The Conspiracy Hypothesis
This oldest of the naturalistic explanations (see Matthew 28:11-15) fares little better. It, too, satisfies criteria (1) and (2) but struggles with the rest, beginning with explanatory power (3): Empty tomb—If the disciples fabricated the story of Jesus’ resurrection, then why say that the tomb was found empty by women? Indeed, this is one of the worst things the disciples could have done if they wanted to be believed, since the testimony of women carried virtually no weight at the time. Appearances—The appearances of Jesus after the resurrection don’t fit with what one would expect a 1st century Jew to make up. It bears very little resemblance to the theophanies one finds in the Old Testament. More on this below. Resurrection claims—Here is the first nail in the proverbial coffin. If the disciples simply made up the story of Jesus’ resurrection, then why did they willingly and unanimously suffer torture and death, proclaiming to the end that it was true?
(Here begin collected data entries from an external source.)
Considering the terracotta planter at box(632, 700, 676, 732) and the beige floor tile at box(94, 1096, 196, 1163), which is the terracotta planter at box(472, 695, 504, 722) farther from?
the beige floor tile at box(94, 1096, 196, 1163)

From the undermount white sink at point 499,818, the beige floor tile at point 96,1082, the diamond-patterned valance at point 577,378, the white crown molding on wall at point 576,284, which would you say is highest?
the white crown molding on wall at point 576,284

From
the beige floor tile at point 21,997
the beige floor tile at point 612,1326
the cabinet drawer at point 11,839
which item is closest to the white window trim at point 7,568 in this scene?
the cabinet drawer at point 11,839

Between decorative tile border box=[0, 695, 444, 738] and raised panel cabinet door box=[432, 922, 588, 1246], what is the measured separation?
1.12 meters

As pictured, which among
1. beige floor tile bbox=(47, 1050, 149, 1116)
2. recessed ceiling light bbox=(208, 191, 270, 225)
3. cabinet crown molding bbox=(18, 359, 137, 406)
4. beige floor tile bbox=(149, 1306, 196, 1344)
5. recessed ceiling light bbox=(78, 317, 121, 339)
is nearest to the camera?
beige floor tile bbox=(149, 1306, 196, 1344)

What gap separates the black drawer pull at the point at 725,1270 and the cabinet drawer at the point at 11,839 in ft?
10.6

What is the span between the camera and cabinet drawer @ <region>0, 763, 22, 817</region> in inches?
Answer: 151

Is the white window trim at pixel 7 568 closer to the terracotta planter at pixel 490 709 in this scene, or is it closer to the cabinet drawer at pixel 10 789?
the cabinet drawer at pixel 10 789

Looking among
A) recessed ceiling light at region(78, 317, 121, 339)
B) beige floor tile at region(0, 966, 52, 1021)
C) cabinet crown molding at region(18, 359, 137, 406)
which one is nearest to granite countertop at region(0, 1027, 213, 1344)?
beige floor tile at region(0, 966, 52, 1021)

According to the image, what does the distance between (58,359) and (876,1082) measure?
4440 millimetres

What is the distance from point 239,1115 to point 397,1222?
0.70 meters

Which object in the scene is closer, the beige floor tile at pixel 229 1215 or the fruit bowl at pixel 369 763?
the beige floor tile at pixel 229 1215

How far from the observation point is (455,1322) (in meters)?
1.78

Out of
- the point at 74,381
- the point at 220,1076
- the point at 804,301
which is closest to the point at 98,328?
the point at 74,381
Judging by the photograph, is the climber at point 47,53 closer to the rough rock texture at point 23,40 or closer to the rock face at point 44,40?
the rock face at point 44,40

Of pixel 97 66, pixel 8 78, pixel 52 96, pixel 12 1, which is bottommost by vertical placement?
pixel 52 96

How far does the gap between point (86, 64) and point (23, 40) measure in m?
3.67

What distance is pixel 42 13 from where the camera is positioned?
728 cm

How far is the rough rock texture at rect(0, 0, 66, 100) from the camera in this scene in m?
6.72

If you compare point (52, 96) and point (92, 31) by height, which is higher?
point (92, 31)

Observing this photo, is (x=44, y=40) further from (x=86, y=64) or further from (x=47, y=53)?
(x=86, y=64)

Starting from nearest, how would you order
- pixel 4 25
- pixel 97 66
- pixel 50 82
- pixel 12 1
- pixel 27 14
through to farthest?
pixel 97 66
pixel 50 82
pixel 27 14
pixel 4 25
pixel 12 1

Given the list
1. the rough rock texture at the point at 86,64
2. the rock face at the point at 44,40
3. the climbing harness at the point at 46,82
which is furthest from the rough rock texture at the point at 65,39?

People do not die for lies that they made up.
When we consider plausibility (4), we find the second nail in the coffin (as though another were needed). As N.T. Wright has argued in great detail, it just makes no historical sense to say that the disciples would have (or even could have) made up the sort of resurrection story we find in the New Testament, since this is not a concept that even existed before then. There would have been no reason whatsoever for a 1st century Jew to invent the idea of an individual, pre-eschatological, bodily resurrection in a story to other 1st century Jews. This is not only a project doomed to failure, but likely an impossible one, since such a thing would never have entered the mind of a Jew of this time. To assume that Christians could have invented the resurrection story is to read our 21st century context into the text of Scripture, rather than to let it speak from its own culture and time.
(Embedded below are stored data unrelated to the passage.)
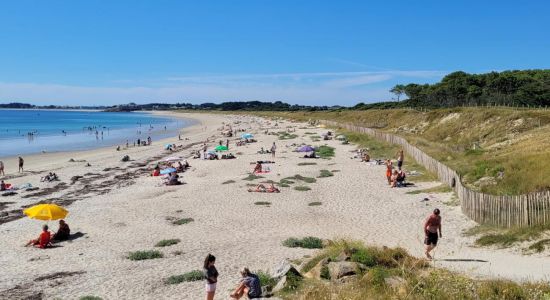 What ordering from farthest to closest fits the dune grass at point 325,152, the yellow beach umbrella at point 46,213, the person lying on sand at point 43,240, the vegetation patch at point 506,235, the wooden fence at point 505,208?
the dune grass at point 325,152 → the yellow beach umbrella at point 46,213 → the person lying on sand at point 43,240 → the wooden fence at point 505,208 → the vegetation patch at point 506,235

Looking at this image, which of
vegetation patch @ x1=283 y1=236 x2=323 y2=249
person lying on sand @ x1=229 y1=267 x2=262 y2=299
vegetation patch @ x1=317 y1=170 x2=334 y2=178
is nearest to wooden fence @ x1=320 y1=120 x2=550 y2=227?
vegetation patch @ x1=283 y1=236 x2=323 y2=249

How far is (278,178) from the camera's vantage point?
3231 cm

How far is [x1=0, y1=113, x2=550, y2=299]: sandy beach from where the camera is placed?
45.1 ft

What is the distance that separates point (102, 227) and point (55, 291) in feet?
24.0

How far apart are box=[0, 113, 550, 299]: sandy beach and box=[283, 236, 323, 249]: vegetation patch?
1.29 ft

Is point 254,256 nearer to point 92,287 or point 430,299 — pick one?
point 92,287

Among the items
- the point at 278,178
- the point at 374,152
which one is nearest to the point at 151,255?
the point at 278,178

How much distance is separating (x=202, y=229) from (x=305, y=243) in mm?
4985

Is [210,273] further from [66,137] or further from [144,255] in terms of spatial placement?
[66,137]

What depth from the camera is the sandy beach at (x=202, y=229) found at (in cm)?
1375

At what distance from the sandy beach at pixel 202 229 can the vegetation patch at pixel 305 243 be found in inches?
15.5

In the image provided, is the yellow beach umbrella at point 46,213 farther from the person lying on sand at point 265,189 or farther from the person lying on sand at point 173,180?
the person lying on sand at point 173,180

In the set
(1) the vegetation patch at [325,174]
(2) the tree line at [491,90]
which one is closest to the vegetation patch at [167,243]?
(1) the vegetation patch at [325,174]

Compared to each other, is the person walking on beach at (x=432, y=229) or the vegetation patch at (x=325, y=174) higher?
the person walking on beach at (x=432, y=229) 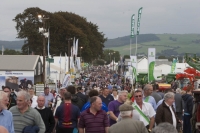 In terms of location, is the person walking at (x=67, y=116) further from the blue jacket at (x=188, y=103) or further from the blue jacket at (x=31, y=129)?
the blue jacket at (x=188, y=103)

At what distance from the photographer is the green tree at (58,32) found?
80.4 metres

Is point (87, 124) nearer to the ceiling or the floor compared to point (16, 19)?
nearer to the floor

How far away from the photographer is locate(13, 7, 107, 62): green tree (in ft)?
264

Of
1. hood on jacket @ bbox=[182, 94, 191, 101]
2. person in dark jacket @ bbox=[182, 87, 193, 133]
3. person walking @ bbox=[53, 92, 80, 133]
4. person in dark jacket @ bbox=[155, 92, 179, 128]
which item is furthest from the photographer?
hood on jacket @ bbox=[182, 94, 191, 101]

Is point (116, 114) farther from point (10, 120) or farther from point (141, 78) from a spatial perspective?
point (141, 78)

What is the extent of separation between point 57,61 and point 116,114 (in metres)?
45.7

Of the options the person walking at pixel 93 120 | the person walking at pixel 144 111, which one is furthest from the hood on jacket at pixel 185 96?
the person walking at pixel 93 120

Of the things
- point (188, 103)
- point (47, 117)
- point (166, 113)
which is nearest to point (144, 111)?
point (166, 113)

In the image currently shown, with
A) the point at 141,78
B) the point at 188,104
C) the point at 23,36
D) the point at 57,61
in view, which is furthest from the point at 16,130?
the point at 23,36

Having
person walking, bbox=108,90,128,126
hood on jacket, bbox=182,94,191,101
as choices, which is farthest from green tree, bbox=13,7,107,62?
person walking, bbox=108,90,128,126

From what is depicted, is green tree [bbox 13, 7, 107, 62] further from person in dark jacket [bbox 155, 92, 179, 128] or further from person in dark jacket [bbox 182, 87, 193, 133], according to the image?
person in dark jacket [bbox 155, 92, 179, 128]

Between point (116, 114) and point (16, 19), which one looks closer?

Like the Apparent Death Hypothesis, the Conspiracy Hypothesis is also ad hoc (5), in that it must meet objections with made-up stories regarding the disciples’ motives and methods for which we have no evidence. It is also disconfirmed (6) by our knowledge of 1st century Judaism and the highly dubious nature of elaborate conspiracy stories. It also fails criteria (7), since there are more likely options, including the Legend and Hallucination Hypotheses, which will be the subject of the next post in the series.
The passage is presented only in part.